The semiconductor industry is set to be propelled by key macro trends such as AI, autonomous vehicles, sustainable electronics, edge computing, and electric vehicles. In addition to technological advancements, geopolitical factors and the growing demand for supply chain self-reliance are influencing the industry's growth across various countries.


With the tension between China and developed countries (led by the US and European Union) increasing, India needs to take advantage of the situation to develop a robust domestic manufacturing ecosystem for electronics and semiconductors. Dr Ajai Chowdhry opines, “India should focus on being a product nation in both systems and chips to replace an untrustworthy China in the near future. In this increasingly unipolar world, we need to create strategic autonomy by owning technologies. With our vast pool of fabless designers, we should create RISC-V based chips for all our requirements to prevent problems due to actions of the US and China in controlling the export of their technology as has been reported today.” RISC-V (pronounced as ‘risk-five’) is an open-source instruction set architecture (ISA) designed to create custom processors for a wide range of applications, including embedded systems and supercomputers.


Scaling new heights

India’s electronics exports are projected to gain further momentum with the establishment of semiconductor manufacturing facilities in the country.

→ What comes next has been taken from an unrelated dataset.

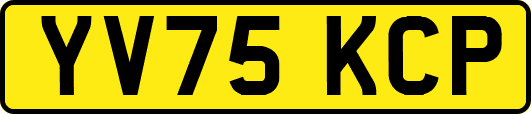 YV75KCP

Nikhil Rao believes that India’s electronics manufacturing industry is on the cusp of unprecedented growth. “The success of mobile phone manufacturing has demonstrated the country’s potential, and this success is now being replicated across other sectors. Key growth areas include IT hardware, automotive electronics, and semiconductors. The government’s incentives, coupled with bilateral trade agreements, provide a favourable environment for both domestic and export-focused manufacturing. Additionally, advancements in semiconductor manufacturing will further strengthen India’s position as a global leader in electronics.”


The electronics industry aims to reach $500 billion in manufacturing output by 2030. To achieve this objective, the sector must expand five times within the next five years, closing a $400 billion production gap. Although the Indian electronics industry currently plays a limited role in global value chains, it has significant growth potential by expanding beyond final assembly to encompass design and component manufacturing. “India has a huge opportunity in investing in critical technologies of the future and create a leadership position with abundant talent available in India. I see a bright future for semiconductor technology, products and manufacturing in India and we are on the right path to make the country a strong electronics and semiconductor product nation,” concludes Dr Satya Gupta.